We progress our week-long Charlie Hurley extravaganza by picking up exactly where we left off yesterday. Chapter four of Mark Metcalf's book "Charlie Hurley: The Greatest Centre Half The World Has Ever Seen" continues today to explain the enviroment the young Irishman would find when he arrived in Sunderland following his move from Millwall.

Information on Mark's range of books can be found HERE and can be bought at the usual places such as Amazon, for example.

Another reminder that stocks are quite limited, so if you fancy one for yourself or for someone's Christmas box we'd recommend grabbing them while you can.

Over to you once again, Mark...

Hurley could not know it but the journey north was to be the start of the most amazing period of his life. Sunderland remained a shipbuilding port, although the signs of decline were already there and in order to compete against foreign competition SP Austin had merged with William Pickersgill in 1954 to become Austin and Pickersgill, and in 1958 the company was to take on Ken Douglas as managing director. He immediately carried out a large-scale modernisation scheme at the Southwick yard, turning it over to welding construction, as opposed to riveting. Ships were built in one hundred and twenty days rather than fifty or sixty weeks.

Coal, too, continued to provide a rich source of fuel for the British economy, with thousands of miners from Durham and Northumberland drawing the black rock from the ground, often from seams under the North Sea. The nearby Wearmouth Colliery, over which the Stadium of Light now stands, had just celebrated one hundred and fifty years since the first pit shaft had been sunk to find coal beneath magnesium limestone previously thought to be impregnable.

Coal, however, had been transported down the River Wear for a good many years before the colliery had even been thought of. In fact in the rolls of Whitby Abbey for 1396, William Rede of Sunderland is mentioned with others as “bringing coal in ships to that monastery, at the rate of 3 shillings and 4d per chaldron.” [17p] [Fordyce; History of Durham Vol 2 p508]

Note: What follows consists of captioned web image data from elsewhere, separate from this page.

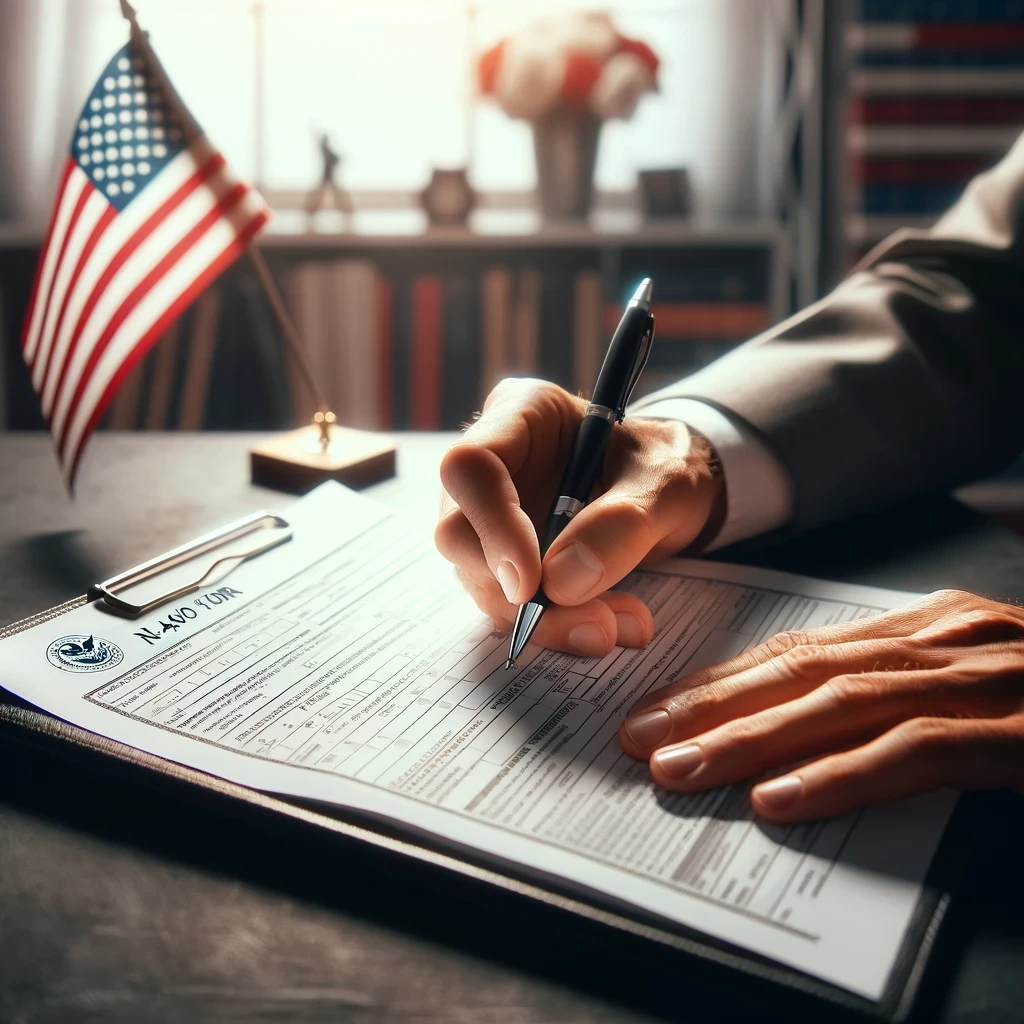 A diverse group of individuals in business casual attire, united in holding up a large American flag in front of a USCIS building, symbolizing their journey to U.S. citizenship under a clear blue sky.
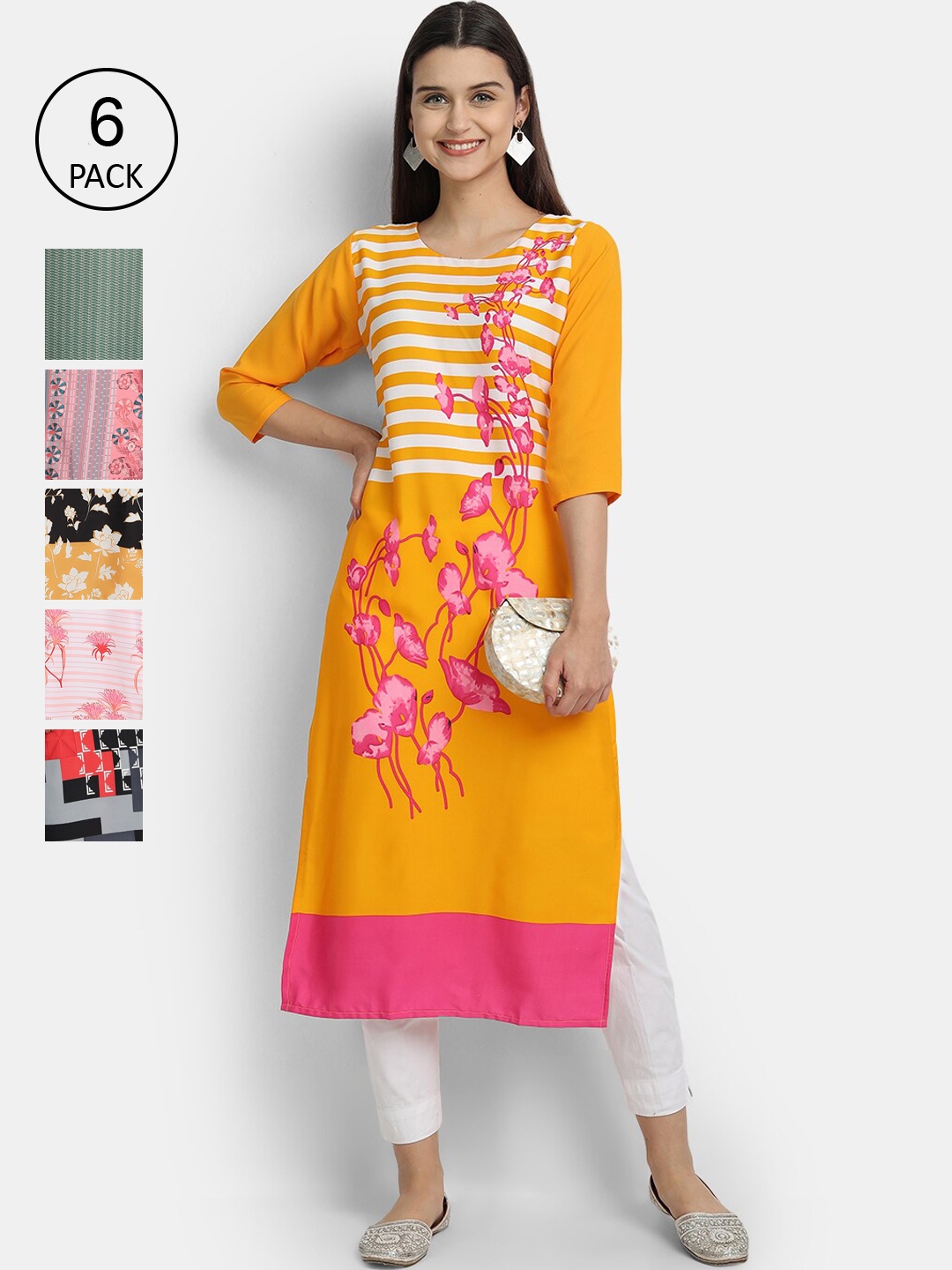 

7Threads Women Pack of 6 Ethnic Motifs Printed Crepe Kurta, Yellow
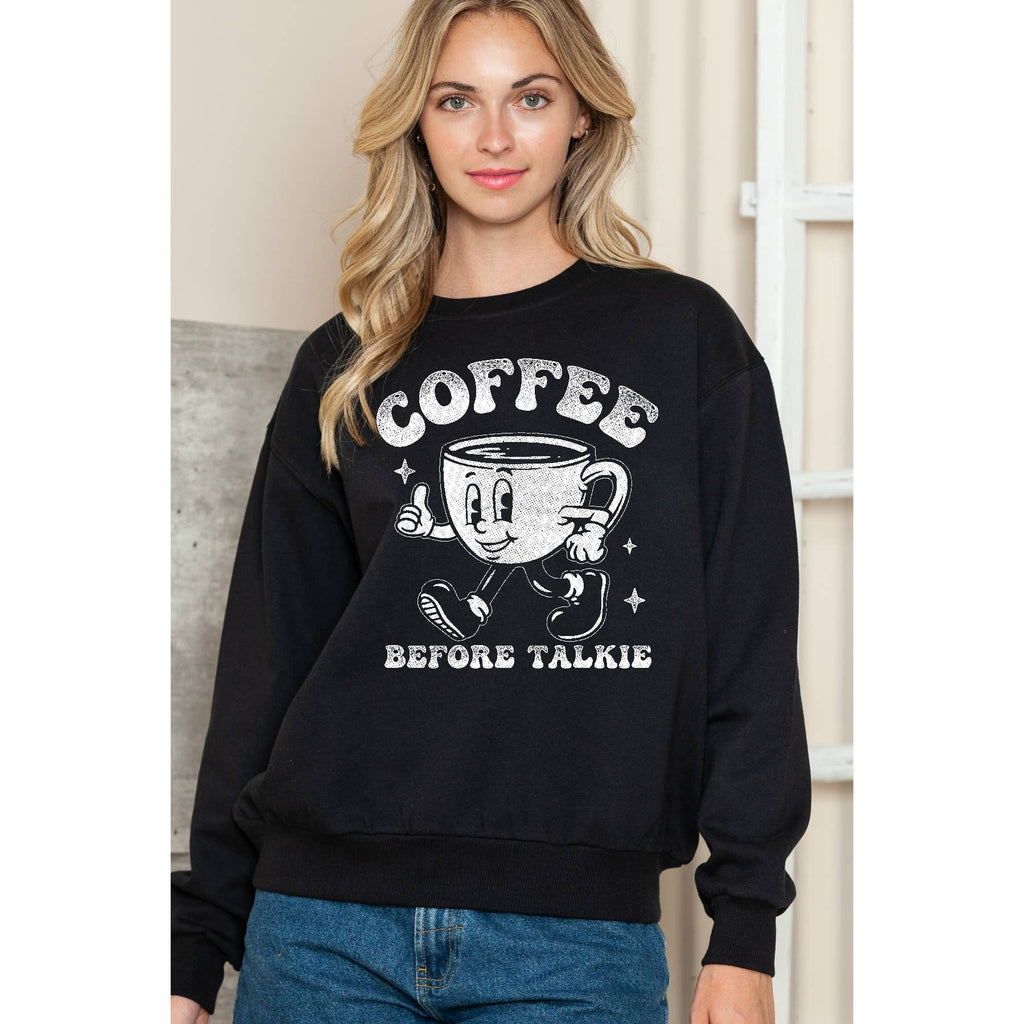 Coffee Beforetalkie Crewneck - Adult & Kids T-Shirts, Sweatshirts & Hoodies apparel design preview 1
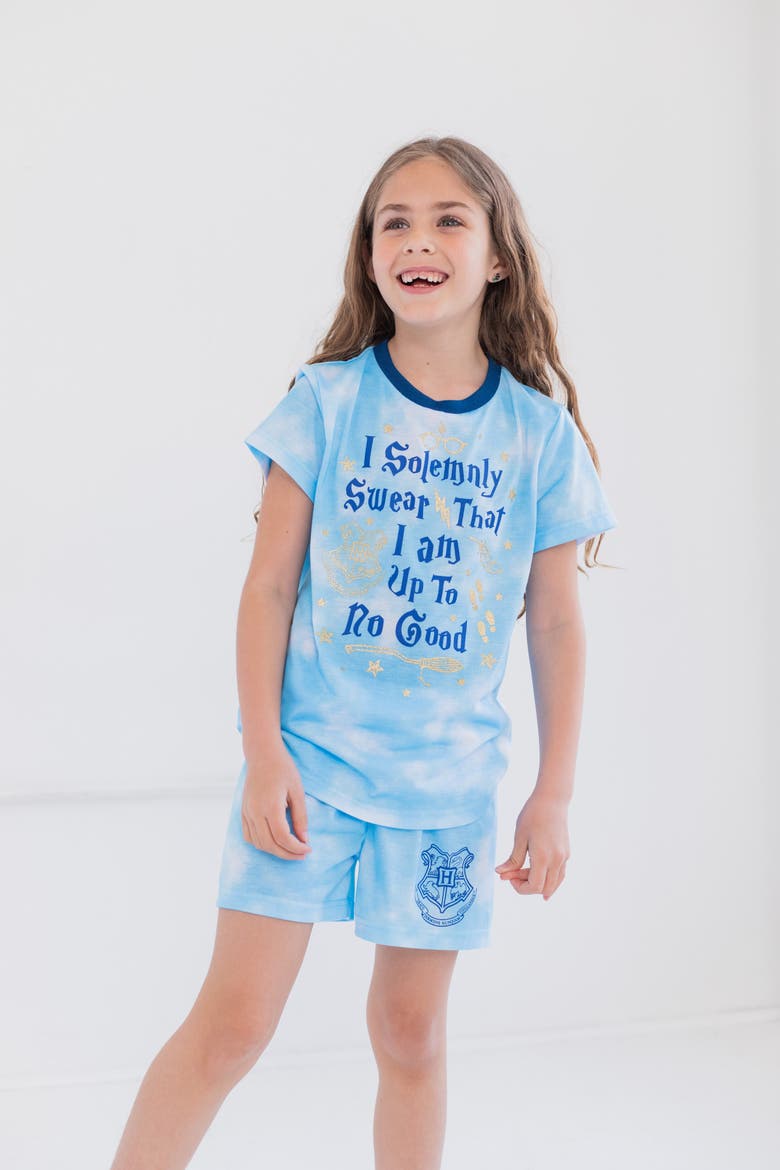 2-Piece Pajama Shirt and Shorts Set, Alternate, color, Sky Blue Tie Dye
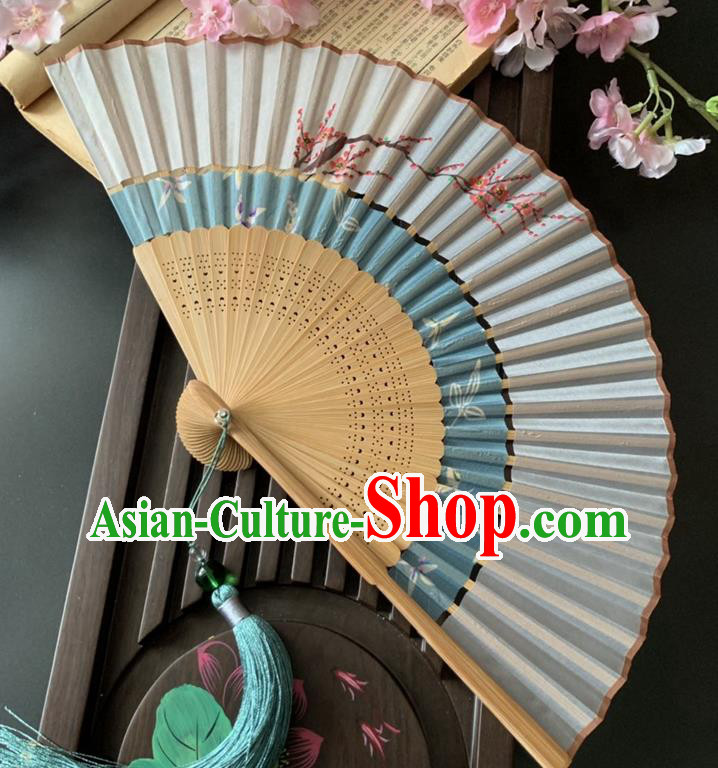 Japan Handmade Cloth Fan Classical Dance Accordion Printing Plum Blossom Folding Fan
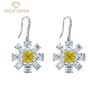 925 Sterling Silver Ring Flower Shape Elegant Luxury Drop Earrings For Women Fine Concise Chic High Grade Jewelry Gift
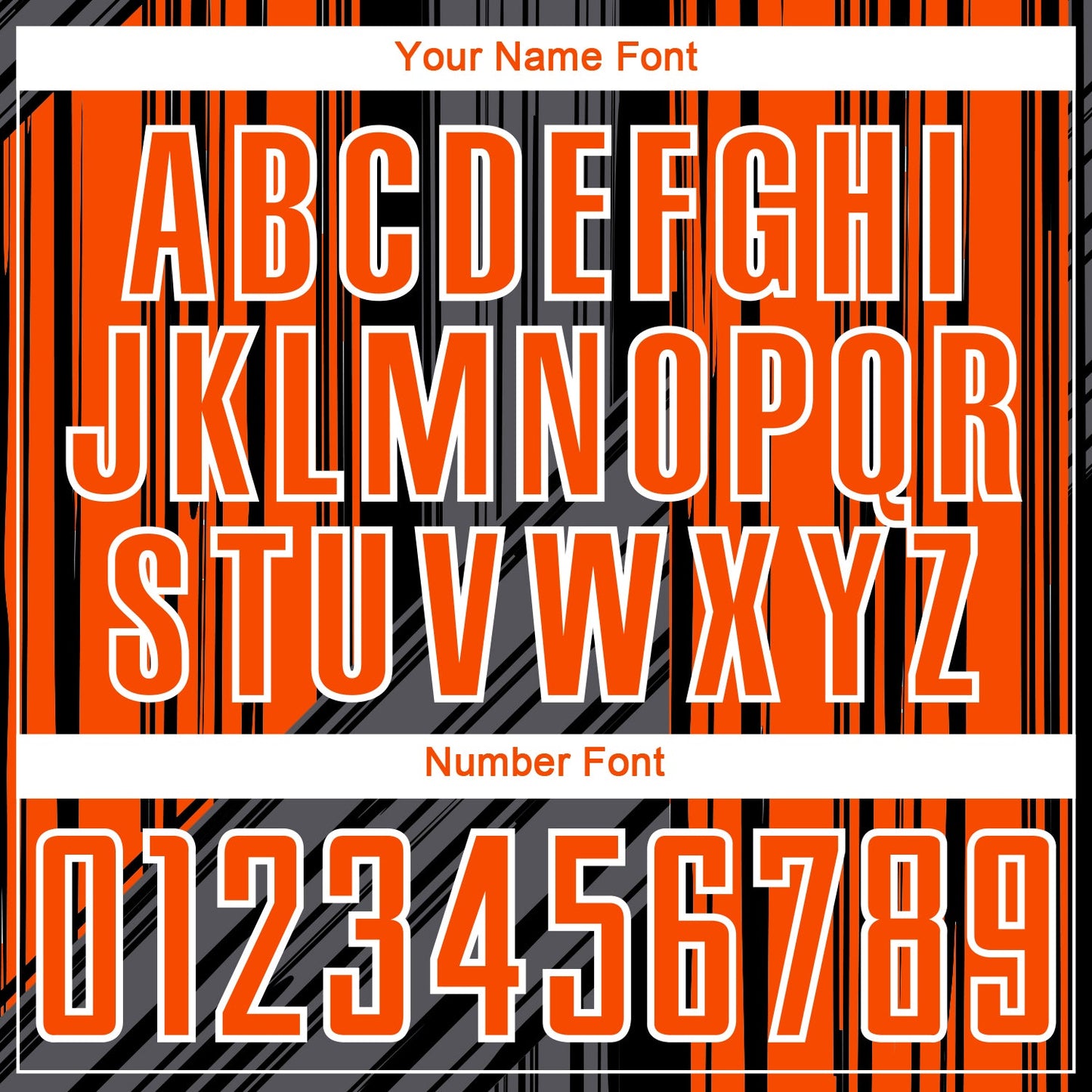 Custom Black Orange-White Brush Stroke Fluid Stripes Sublimation Soccer Uniform Jersey view 6
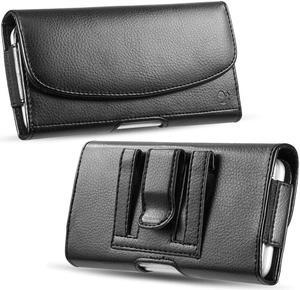 Synthetic Horizontal Leather Pouch Case (6.5 inch & Above Screen Size) - Black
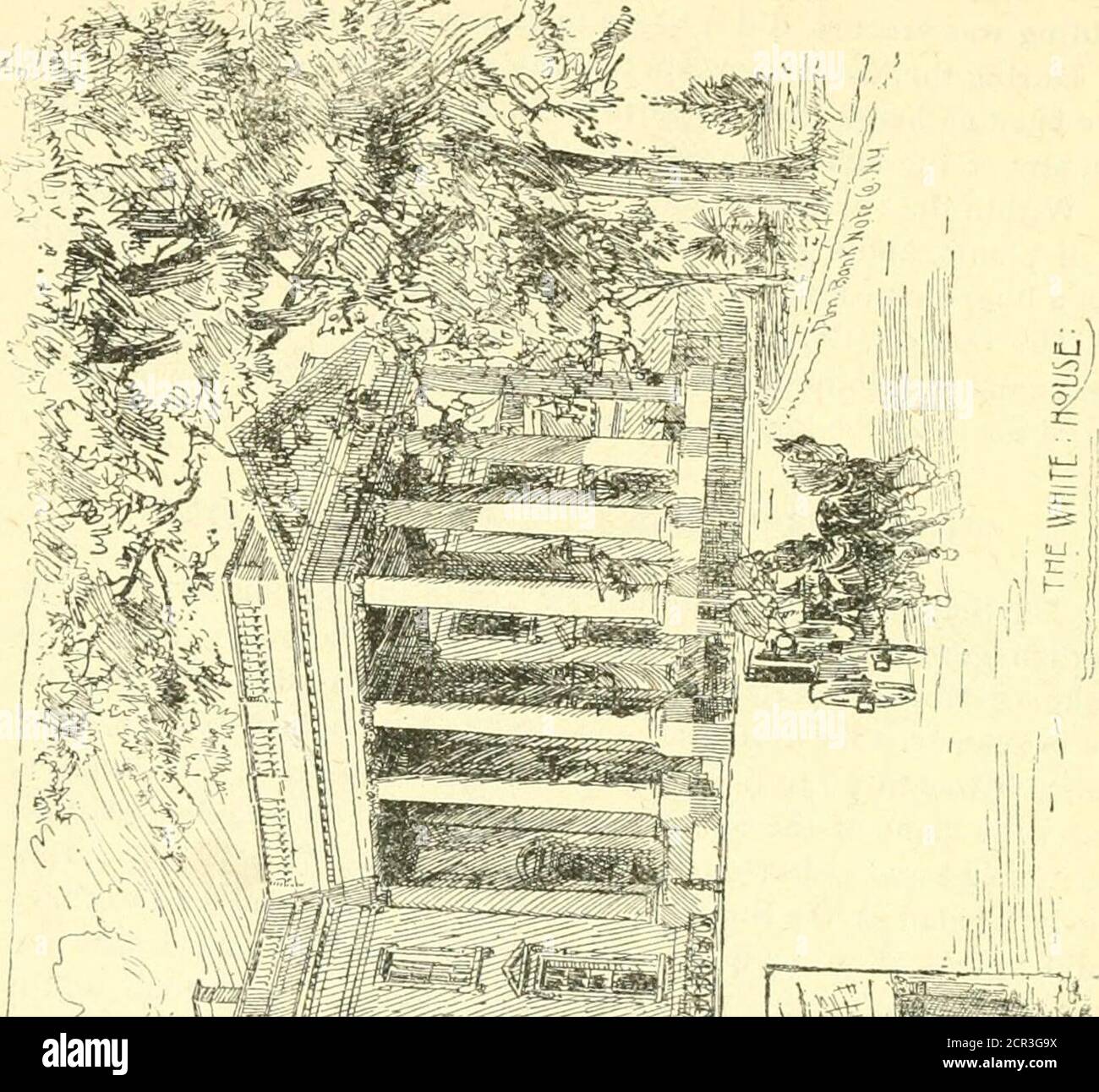 . Führer nach Washington . E unter den Männern. Das Gebäude befindet sich auf dem Smithsonian Gelände, das als öffentlicher Park angelegt ist, mit breiten Antrieben und Fußwegen, schönen Rasenflächen und üppigen Baumhainen. Das Gebäude ist aus rotem Sandstein und ist im normannischen Architekturstil. Es gibt neun Türme verschiedener Formen und Typen. Die Front verlängert vierhundert und twentv-sechs Fuß, das Mittelgebäude seiend fünfzig durch zweihundert Fuß, und es sind zwei Flügel, der Ostflügel, der einen Vorraum und eine Veranda hat, die andthe Westseite eine halbrunde Projektion angebracht werden. Die Institution gibt etwa 70,000 Dollar pro Jahr aus Stockfoto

If Hurley had the time to take a trip round Sunderland before signing he could not have failed to pick up that this was a place where hard work, skill, honesty and loyalty were important and valued qualities among a largely working class community.

He would have been able to visit the monastery of Wearmouth, one of the oldest in Britain having been dedicated to St Peter by Benedict Biscop [‘Bede’] in AD 674. This stood on the banks of the River Wear looking down on busy shipyards that are long gone, having been replaced by a university drawing students from all over the world.

Religious as some of the inhabitants of Sunderland and the surrounding County Durham towns and villages were, the passion generated in the churches and chapels never reached anything like that witnessed in Roker Park, the stadium built in 1898 and later developed into one of the most imposing grounds in Britain.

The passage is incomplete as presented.